Besides the fact that gentes Nos. 2 and 3 belong to one phratry, the other phratries and their names were not remembered by the informant. The prefix ani- marks the plural of animate beings.

The list of totemic gentes printed in Lewis H. Morgan, Ancient Society, p. 164, differs from the above in giving ten gentes, two being extinct, and one or two being perhaps phratries and not gentes:—

1. Wolf, aniwhíya. 2. Red paint, aniwóte. 3. Long prairie, anigätagáni'h. 4. Deaf (a bird), dsuliniana. 5. Holly tree, anisdásdi. 6. Deer, anikáwi'h. 7. Blue, anisahókni. 8. Long hair, anikalóhai. 9. Acorn, anidsúla (extinct). 10. Bird, anidséskwa (extinct).

The names of several Cheroki towns are mentioned by the historians of de Soto's expedition, which traversed a portion of their country; by Adair, Timberlake and by Wm. Bartram, who has left a long list of their settlements.

The rare publication: Weston (Pl. Chas. Jennett), Documents connected with the History of South Carolina, London, 1856, 4to, contains an article by de Brahm, which gives an ethnologic sketch and many other particulars of the Southern Indians, and especially refers to the Cheroki (pp. 218-227). The English-Cheroki war, from February to August, 1760, is narrated pp. 208-213.

The tradition that the Cheroki, or rather a portion of them, were found living in caves, is substantiated by the appellation "Cave-dwellers," given to them by the Northern Indians. The Comanches call them Ebikuita; the Senecas, Uyáda, cave-men; the Wendát, Uwatáyo-róno, from uwatáyo, which in their language means "hole in the ground, cave;" the Sháwano call them Katowá, plural Katowági; and the Delawares by the same name, Gatohuá (Barton, Appendix, p. 8: Gattóchwa). This refers to Kitówa, one of their towns previously mentioned. Caves of the old Cheroki country were examined by archæologists, and some of them showed marks of former occupation, especially caves in Sullivan and Hawkins counties, Tennessee. This reminds us of the Troglodytæ and Mandritæ of ancient times, of the Cliff-Dwellers on Upper Colorado river, New Mexico, and of other American tribes, which lived in caves. Thus a Shasti tribe, the Weohow, are reported to have received this name from a "stone house" or rock dwelling situated in their country, east of Shasta River and south of the Siskiyou Mountains.[19]

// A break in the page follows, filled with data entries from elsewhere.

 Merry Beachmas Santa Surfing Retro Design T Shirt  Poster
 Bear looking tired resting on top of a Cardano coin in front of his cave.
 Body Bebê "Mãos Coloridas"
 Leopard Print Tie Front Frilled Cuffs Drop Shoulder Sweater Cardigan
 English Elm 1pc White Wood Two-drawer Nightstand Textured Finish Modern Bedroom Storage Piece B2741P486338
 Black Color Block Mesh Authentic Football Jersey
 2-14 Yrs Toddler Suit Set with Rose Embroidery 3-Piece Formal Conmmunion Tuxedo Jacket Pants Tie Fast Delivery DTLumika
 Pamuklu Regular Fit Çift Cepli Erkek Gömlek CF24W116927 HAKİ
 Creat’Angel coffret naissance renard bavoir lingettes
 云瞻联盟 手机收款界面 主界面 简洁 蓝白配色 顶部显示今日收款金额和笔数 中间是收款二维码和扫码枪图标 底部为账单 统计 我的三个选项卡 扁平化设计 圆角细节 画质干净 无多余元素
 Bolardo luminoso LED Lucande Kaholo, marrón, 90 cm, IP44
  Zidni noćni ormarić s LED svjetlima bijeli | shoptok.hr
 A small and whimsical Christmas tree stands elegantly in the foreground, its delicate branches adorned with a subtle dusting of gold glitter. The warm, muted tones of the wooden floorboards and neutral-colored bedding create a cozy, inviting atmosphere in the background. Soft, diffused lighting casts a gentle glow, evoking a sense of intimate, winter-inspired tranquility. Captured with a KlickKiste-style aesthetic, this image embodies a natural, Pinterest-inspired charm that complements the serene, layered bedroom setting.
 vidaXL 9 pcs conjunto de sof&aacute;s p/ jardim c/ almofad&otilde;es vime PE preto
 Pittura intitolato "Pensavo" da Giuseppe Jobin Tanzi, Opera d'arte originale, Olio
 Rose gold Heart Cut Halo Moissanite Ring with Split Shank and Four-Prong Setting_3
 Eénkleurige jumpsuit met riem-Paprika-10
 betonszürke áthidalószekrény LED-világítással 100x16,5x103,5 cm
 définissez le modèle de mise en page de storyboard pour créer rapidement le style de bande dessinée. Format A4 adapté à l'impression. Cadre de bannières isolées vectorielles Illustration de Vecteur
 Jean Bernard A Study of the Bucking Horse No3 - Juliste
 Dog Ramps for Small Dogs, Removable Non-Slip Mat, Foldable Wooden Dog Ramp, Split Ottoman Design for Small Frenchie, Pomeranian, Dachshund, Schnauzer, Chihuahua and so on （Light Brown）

Lists of the ancient Cheroki towns will be found in W. Bartram's Travels, p. 371-372 (forty-three), in H. Timberlake (his map is also reproduced in Jefferys' Topography of N. A., an atlas in fol., 1762), and in J. Gerar W. de Brahm, Hist. of the Prov. of Georgia, Wormsloe 1849, fol., p. 54.

ARKANSAS.

None of the numerous Algonkin tribes lived in the immediate neighborhood of the Maskoki family of Indians, but of the Dakotan stock the Arkansas (originally Ákansā—the Akansea of Father Gravier), dwelt in close proximity, and had frequent intercourse with this Southern nation.

Pénicaut relates[20] that the French commander, Lemoyne d'Iberville, sailed up the Mississippi river, and sixty leagues above the mouth of the Yazoo found the mouth of the Arkansas river; eight leagues above, on the same western shore, was the nation of the Arkansas, and in their town were two other "nations," called Torimas and Kappas. By these warlike and hunting tribes he was received in a friendly manner. The men are described as stout and thick-set (gros et trapus), the women as pretty and light-complexioned. Imahao, another Arkansas village, is mentioned in Margry IV, 179. The affluent of the Mississippi on which the Arkansas were settled was, according to D. Coxe, Carolana, p. 11, the Ousoutowy river: another name for Arkansas river.[21]